The follow-up album, Lionheart, was rushed out in late ’78, just nine months after The Kick Inside. It was recorded in Nice (to this day the only Bush album wholly recorded outside the UK). Kate has said she wished she’d had more time to work on it. She may also regret wearing the lion suit on the cover. Again produced by Andrew Powell (with Bush), and using the same group of musicians, it made less impact than her debut, reaching Number Six, while delivering a hit with Wow and a near-miss with Hammer Horror.

Yet it’s a beautiful, deeply affecting album, full of delicately yearning, plangent songs. And it overflows with references to English eccentricity and whimsy – meaning it shares a happy kinship with much classic prog. World War Two pilots, JM Barrie’s Peter Pan, Hammer’s scary movies, even TV cop show The Sweeney – they’re all there. It’s also the first album to feature Del Palmer on bass: he’s been involved with every album since [he died in 2024].

Now Kate was shunted out on a six-week live outing, The Tour Of Life, from April 1979. “It was utterly exhausting – and utterly successful,” said John Carder Bush. Even Kate, who afterwards vowed never to tour again, admitted: “The reactions really surprised me – it was lovely, and the greatest encouragement I could have possibly had.” The experience was blighted, however, by the death lighting technician Bill Duffield in an accident on the first night.
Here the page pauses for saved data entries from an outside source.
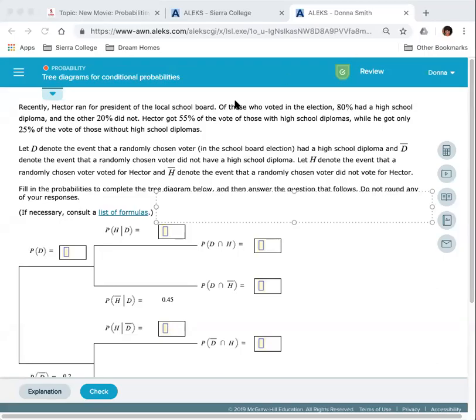Hi class, this is Professor Smith. I'm going to be doing a movie on tree diagrams for conditional probabilities.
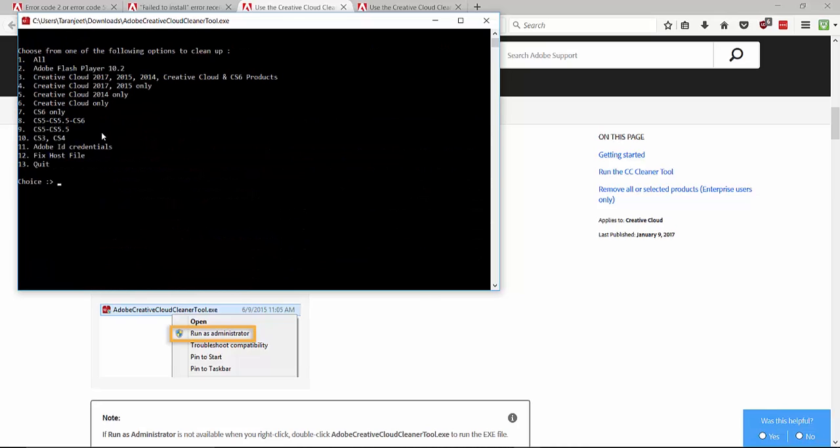And now you can see various options. Type one and hit enter to uninstall all the Adobe Creative Cloud software, or you can choose a particular number and then hit enter. I am uninstalling all the Adobe software.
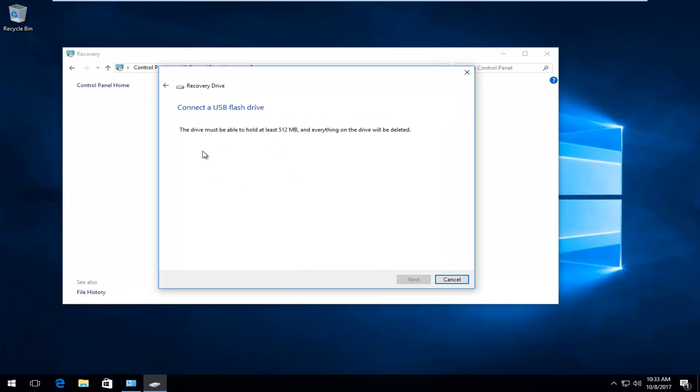Okay, so it says connected USB flash drive. Now depending on how much you have on your computer, this number might be a little bit different here. In my case, it only needs to be able to hold about 512 megabytes. And it does note that everything on the drive will be deleted.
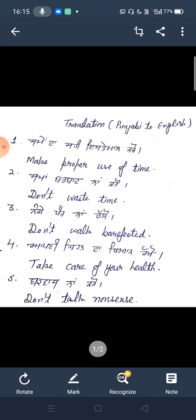You will do it. Don't waste time. Don't waste your time.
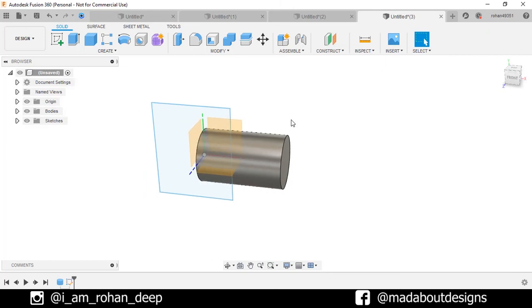Up to this much for the tutorial. In the next tutorial, I will be showing you how to create a line and what are the different functionalities available in it. See you in the next video. Till then, keep designing and design whatever you love. Bye bye.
The shows themselves have entered rock lore. After intense rehearsals, Kate wanted to incorporate dance, props, magic, and 17 costume changes: “something special.” As she’d frequently be lifted by dancers, she needed a microphone she didn’t have to hold. “So my sound guy basically invented the radio mics you see nowadays,” she said. “He made it out of an old coat hanger, which he bent into shape.”

The tour triumphed, though reviews ranged from “her unabashed obsession with sex” to “you’re distracted by Katy being wheeled around in a giant satin-lined chocolate box.” Others praised “a dazzling testimony to a remarkable talent” and “the best welding of rock and theatrical presentation that we’re ever likely to see.”

We need more people like her, especially as so much music amounts to little more than formulaic copying of genres

She baulked again at the over-emphasis on her sexuality, and began to loathe anything that fell under the banner of promotion. With her family, she took control of her business affairs, producing her next EP (Live On Stage) alone, and then the 1980 album Never For Ever. This, yielding the hit singles Babooshka and Army Dreamers, was to be her first Number One album, and the first by any British female artist.

A durable paradox emerged: the more she distanced herself from public life, the more the public were intrigued by this individual, idiosyncratic, influential talent. As David Gilmour has proclaimed: “We need more people like her, especially as so much music amounts to little more than formulaic copying of genres. Those who have followed in her shadow are but pale imitations.”